Getting Deserved Help From Care Givers

Government Launches Guidance To Assist In Support For Self Care, UK

Health Minister Ivan Lewis announced the introduction of seven Common Core Principles to Support Self Care, designed to help health and social care staff support people to live independently, stay healthy and make the most of their lives by managing their conditions.

The Common Core Principles, which have been developed with Skills for Health and Skills for Care, will be available to employers, managers, and workers in health and social care services so that they can use them to help service users get the most out of their care.

The principles aim to help health and social care services enable people to have better control over and responsibility for their own health and well-being, working in partnership with health and social care professionals.

The Common Core Principles are intended to support self-care in its broadest sense by helping staff across health and social care develop the skills needed to provide people with access to appropriate training, information and support networks.

They are aimed at, but not limited to, staff supporting individuals living with a long term condition or with complex needs.

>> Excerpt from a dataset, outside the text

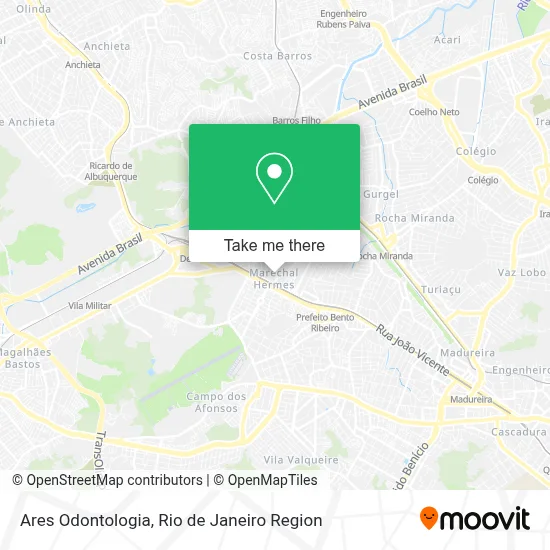 Ares Odontologia map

Minister for Care Services Ivan Lewis said:

“Supporting self-care is consistent with our policy of putting people first. People want control over their lives enabling them, their families and carers to maintain and improve their well-being and independence.

The Common Core Principles to Support Self Care are intended to be a resource for reflection, challenge and practice change.

Their purpose is to enable organizations and all those who work in health and social care, whether as commissioners, service providers or educators, to make personalized services, enablement and early intervention to promote independence a reality.”

Minister for Health Services Ann Keen said:

“We encourage commissioners, employers, and workers to embed the principles in their policies, their agreements with other agencies, and their own culture and practices. In this way, we can help people to realize their aspirations for independence and greater control over their lives, making services flexible and responsive to individual needs.

The vision is of people who use services, empowered with advice, support, and information, having a choice about the services they want, being able to take more responsibility for their health and their lives and a more active role in managing their own care if this is what they want.

The Common Core Principles to Support Self Care provide a vital building block in realizing the vision.”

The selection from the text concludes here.